- Material shown:

•••

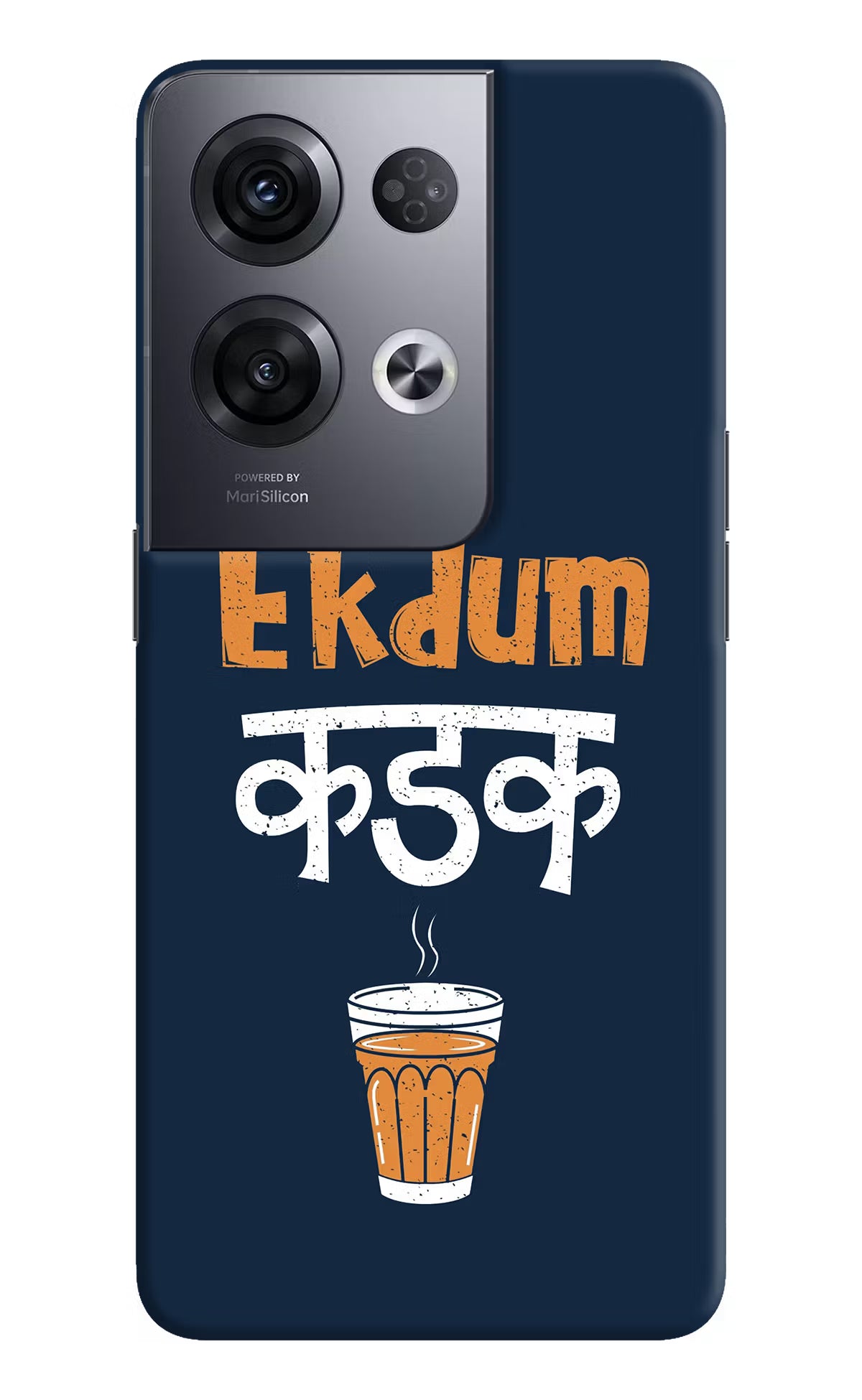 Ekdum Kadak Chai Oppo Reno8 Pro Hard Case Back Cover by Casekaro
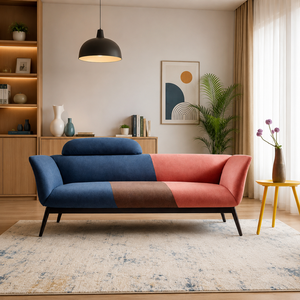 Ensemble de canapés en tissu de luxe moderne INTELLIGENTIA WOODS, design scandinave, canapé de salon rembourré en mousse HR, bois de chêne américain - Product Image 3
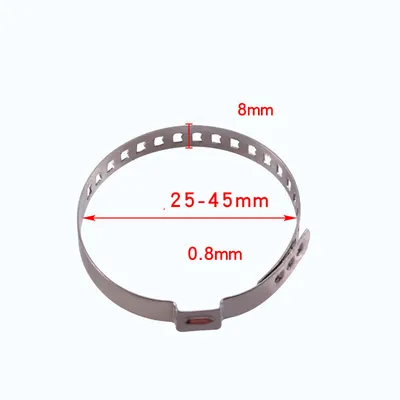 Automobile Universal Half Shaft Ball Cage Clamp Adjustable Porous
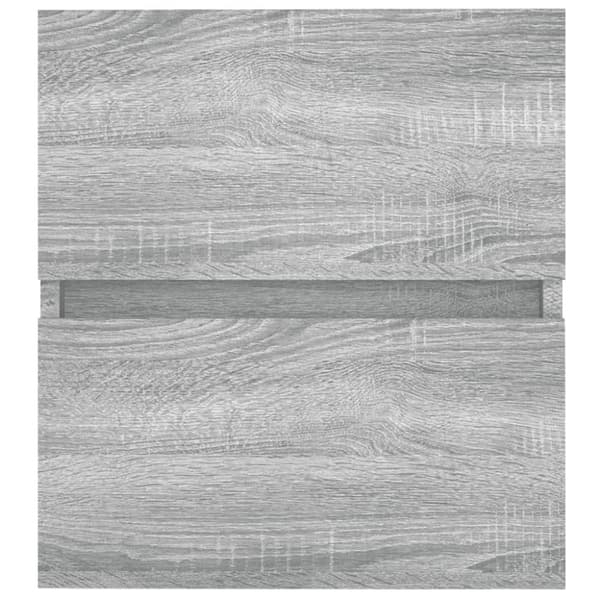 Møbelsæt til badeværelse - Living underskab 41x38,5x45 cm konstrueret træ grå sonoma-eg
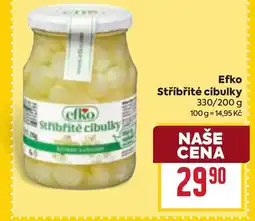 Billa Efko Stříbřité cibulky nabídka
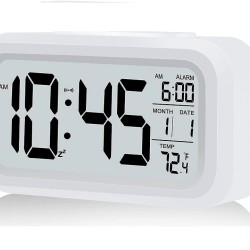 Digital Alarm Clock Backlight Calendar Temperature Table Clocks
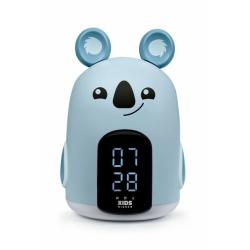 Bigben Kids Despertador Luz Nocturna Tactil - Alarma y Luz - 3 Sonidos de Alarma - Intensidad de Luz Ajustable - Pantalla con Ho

•••

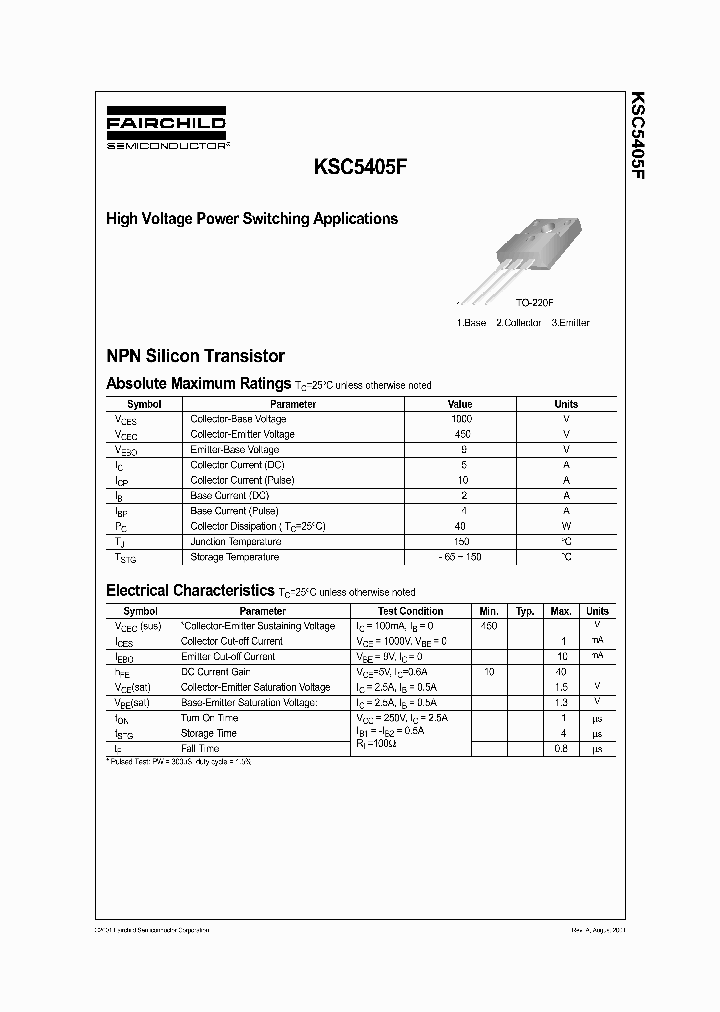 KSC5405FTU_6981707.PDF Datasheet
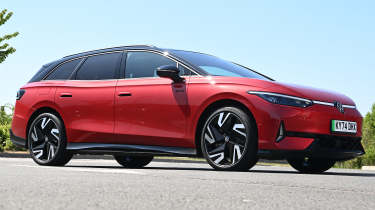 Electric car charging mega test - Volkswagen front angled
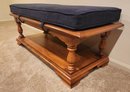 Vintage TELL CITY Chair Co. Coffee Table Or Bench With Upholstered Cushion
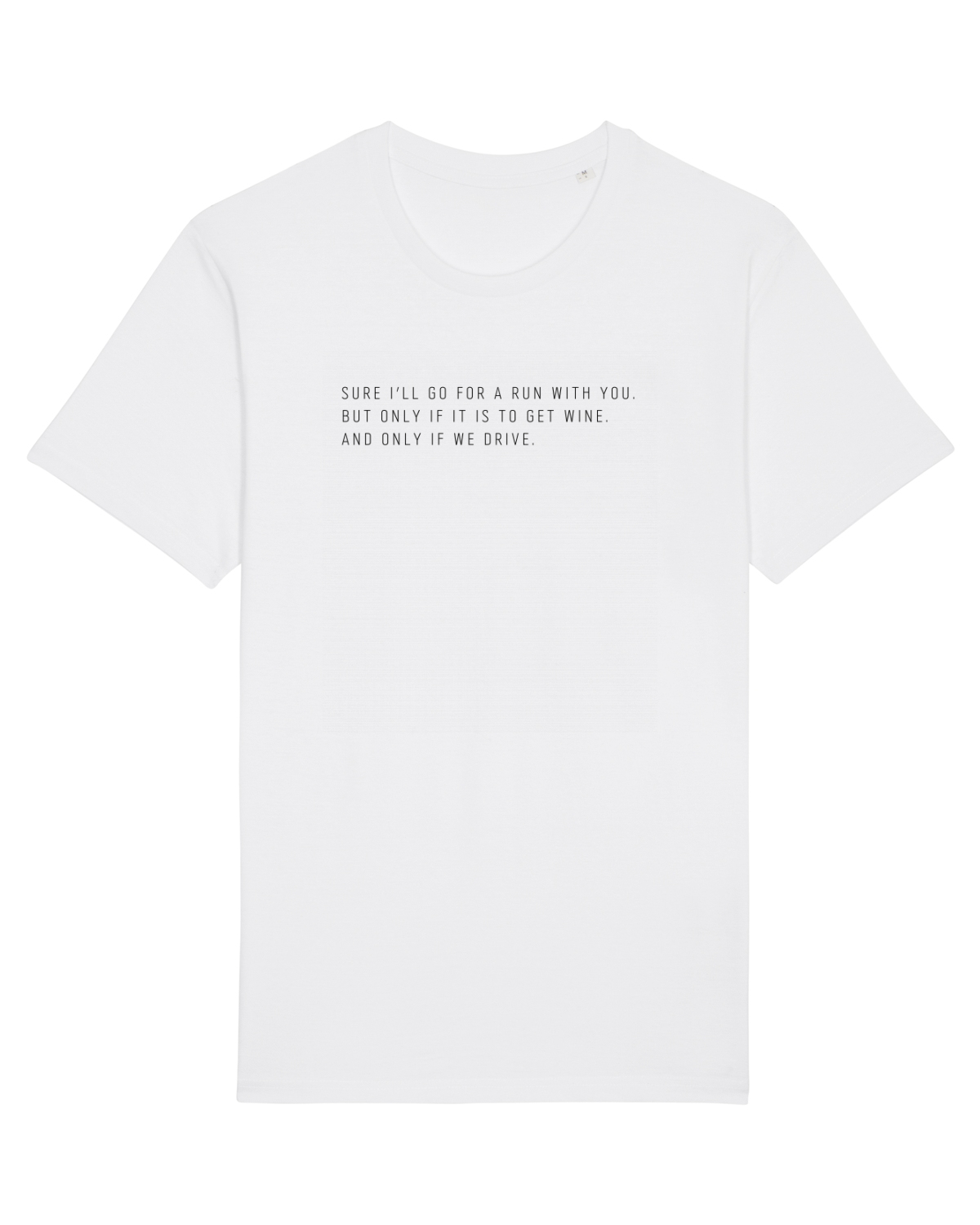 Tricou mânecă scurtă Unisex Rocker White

•••

- Task requirements:
In the entries above, find the line with "Ekdum Kadak Chai" and the line with "Billa Efko Stříbřité cibulky nabídka". Write out exactly those two lines and every line between them, pictures excluded.

- Task output:
 Ekdum Kadak Chai Oppo Reno8 Pro Hard Case Back Cover by Casekaro
 Ensemble de canapés en tissu de luxe moderne INTELLIGENTIA WOODS, design scandinave, canapé de salon rembourré en mousse HR, bois de chêne américain - Product Image 3
 Automobile Universal Half Shaft Ball Cage Clamp Adjustable Porous
 Møbelsæt til badeværelse - Living underskab 41x38,5x45 cm konstrueret træ grå sonoma-eg
 Billa Efko Stříbřité cibulky nabídka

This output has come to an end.